This is a preview language and VM feature.
Goals
This JEP provides for the declaration of identity-free value classes and
specifies the behavior of their instances, called value objects,
with respect to equality, synchronization, and other operations that
traditionally depend upon identity. To facilitate safe construction of value
objects, value classes make use of regulated
constructors.
Certain value-based classes in the standard library will become value classes when preview features are enabled.
At runtime, the HotSpot JVM will prefer inlining value objects where feasible. An inlined value object is encoded directly with its field values, avoiding any overhead from object headers, indirections, or heap allocation.
Non-Goals
This JEP allows for limited inlining of value objects in field and array
storage, but doesn't attempt to optimize the storage footprint by excluding
null
from the variable's value set. It also doesn't propose inlined storage
for variables whose encoding would exceed a natural atomic read/write size (such
as 64 bits). Improvements to value object storage will be pursued in a
separate JEP.
Values of the primitive types behave like value objects in many ways, but continue on as a distinct concept in the language model. Enhancements to the treatment of primitive types will be explored in Enhanced Primitive Boxing.
Future enhancements to the JVM are anticipated to support inlining of value objects within generic APIs. For now, generic APIs work with erased types and heap-allocated objects, as usual.
Motivation
Java's objects and classes offer powerful abstractions for representing data, including fields, methods, constructors, access control, and nominal subtyping. Every object also comes with identity, enabling features such as field mutation and locking.
Many classes don't take advantage of all of these features. In particular, a significant subset of classes don't have any use for identity—their field values can be permanently set on instantiation, their instances don't need to act as synchronization locks, and their preferred notion of equality makes no distinction between separately-allocated instances with matching field values. (For example, in the standard library, certain classes that discourage any dependency on identity have been designated value-based.)
At run time, support for identity can be expensive. It generally requires that an object's data be located at a particular memory location, packaged with metadata to support the full range of object functionality. As objects are shared between program components, data structures and garbage collectors end up with tangled, non-local webs of objects created at different times. Sometimes, JVM implementations can optimize around these constraints, but the resulting performance improvements can be unpredictable.

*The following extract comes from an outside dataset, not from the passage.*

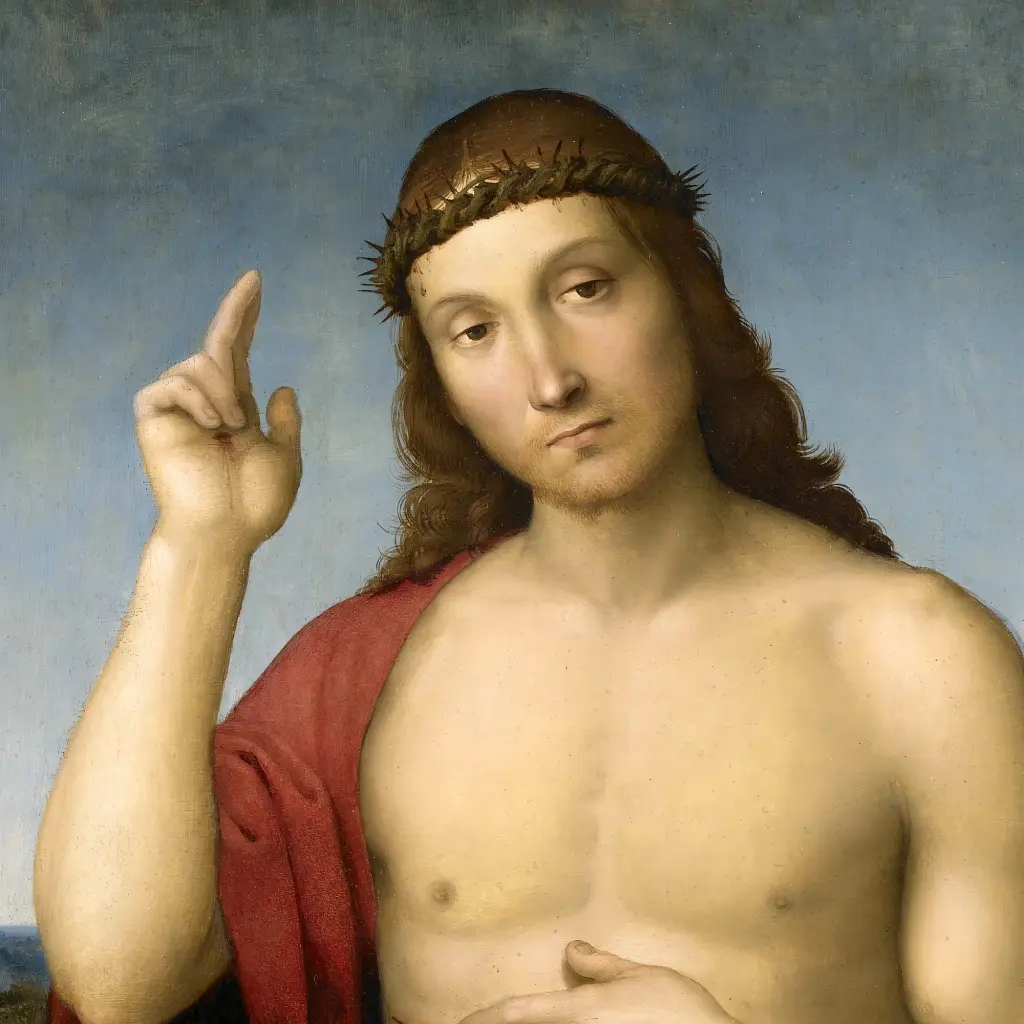 Інтер'єрна картина Благословення Христа, Рафаель, Raphael Santi, Christ Blessing , релігійний декор, 60×43 см (id6957) - фото 5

An alternative is to encode program data with primitive types. Primitive values
don't have identity, and so can be copied freely and encoded as compact bit
sequences. But programs that represent their data with primitive types give up
all the other abstractions provided by objects and classes. (For example, if a
geographic location is encoded as two float
s, there's no way to restrict the
valid range of values, keep matching pairs of float
s together, prevent
re-interpreting the values with the wrong units, or compatibly switch to a
double
-based encoding.)
Value classes provide programmers with a mechanism to opt out of object identity
without giving up the other features of Java classes. This avoids unwanted
degrees of freedom (like surprising ==
mismatches) and enables many of the
performance benefits of primitive types.
Description
The features described below are preview features, enabled with the
--enable-preview
compile-time and runtime flags.
Overview
A value object is a class instance that does not have identity. That is, a
value object does not have any particular memory address or any other property
to distinguish it from other instances of the same class whose fields have the
same values. Value objects cannot mutate their fields or be used for
synchronization. The ==
operator on value objects compares their fields. A
value class declaration introduces a class whose instances are value objects.

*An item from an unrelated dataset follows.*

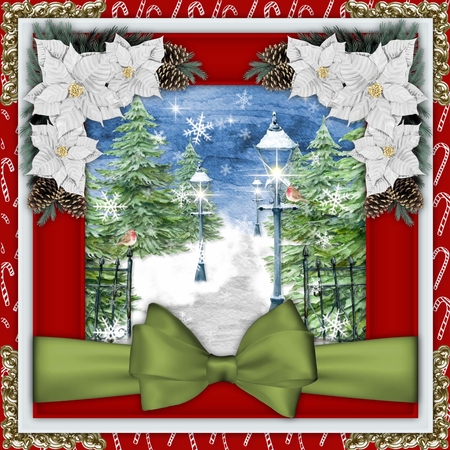 Christmas 5 Bow Wrap by Belinda Rub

An identity object is a class instance or array that does have identity—the
traditional behavior of objects in Java. An identity object can mutate its
non-final
fields and is associated with a synchronization monitor. The ==
operator on identity objects compares their identities. An identity class
declaration—the default for a concrete class—introduces a class whose instances
are identity objects.
Value class declarations
A concrete class can be declared a value class with the value
contextual
keyword.
value class Substring implements CharSequence {
private String str;
private int start;
private int end;
public Substring(String str, int start, int end) {
checkBounds(start, end, str.length());
this.str = str;
this.start = start;
this.end = end;
}
public int length() {
return end - start;
}
public char charAt(int i) {
checkBounds(0, i, length());
return str.charAt(start + i);
}
public Substring subSequence(int s, int e) {
checkBounds(s, e, length());
return new Substring(str, start + s, start + e);
}
public String toString() {
return str.substring(start, end);
}
private static void checkBounds(int start, int end, int length) {
if (start < 0 || end < start || length < end)

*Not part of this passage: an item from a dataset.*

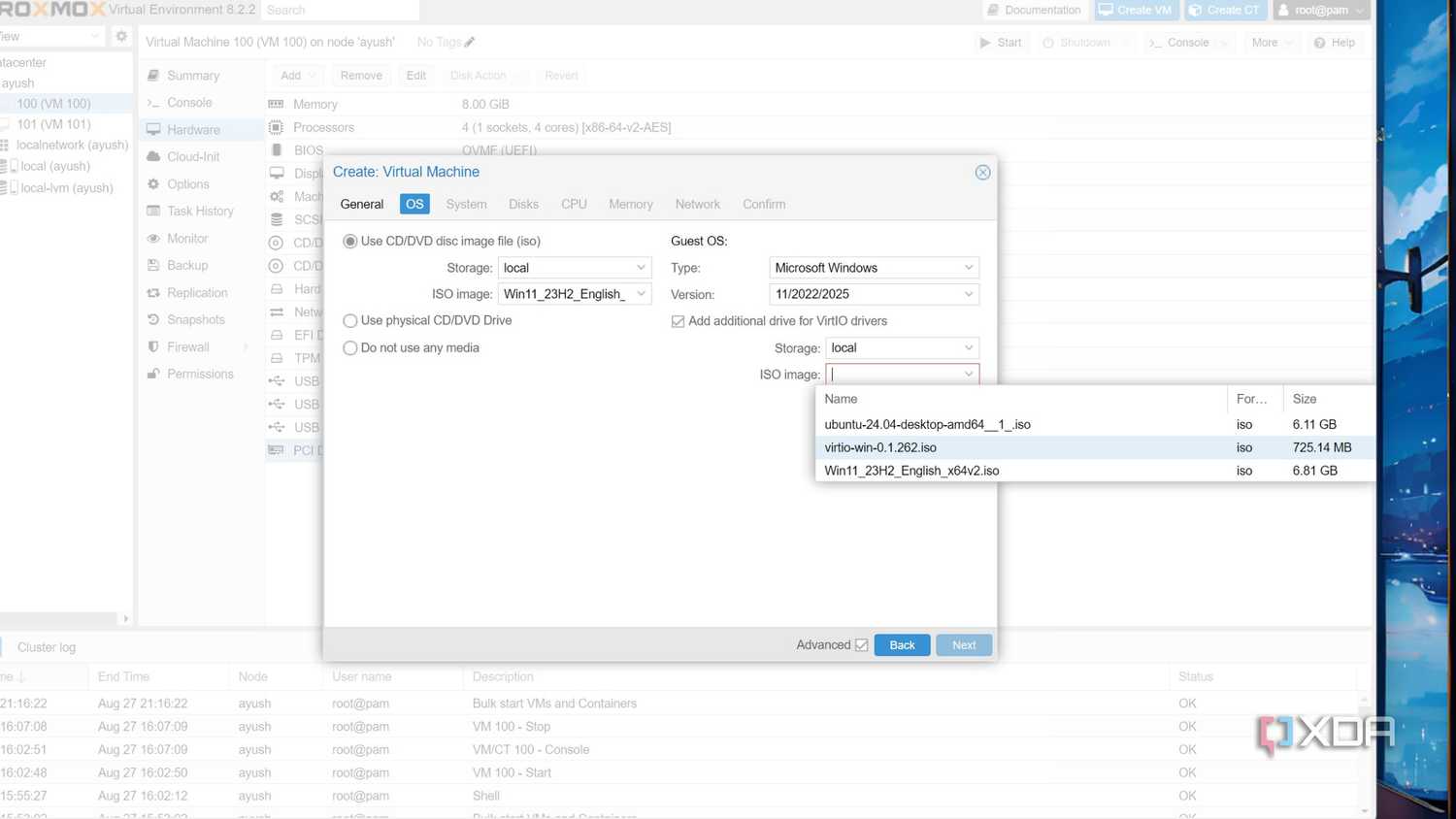 Adding the VirtIO drivers to a VM in the Proxmox web UI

throw new IndexOutOfBoundsException();
}
}
A concrete value
class declaration is subject to the following restrictions:
-
The class is implicitly
final
, so cannot be extended. -
All instance fields are implicitly
final
, so must be assigned exactly once by constructors or initializers, and cannot be assigned outside of a constructor or initializer. -
The class does not extend an
identity
class or anidentity
interface (see below). -
All constructors are implicitly
regulated
, as described later, limiting use ofthis
in constructor bodies. -
No instance methods are declared
synchronized
. -
(Possibly) The class does not declare a
finalize()
method.
In most other ways, a value class declaration is just like an identity
class declaration. It implicitly extends Object
if it has no explicit
superclass type. It can be an inner class. It can declare superinterfaces, type
parameters, member classes and interfaces, overloaded constructors, static
members, and the full range of access restrictions on its members.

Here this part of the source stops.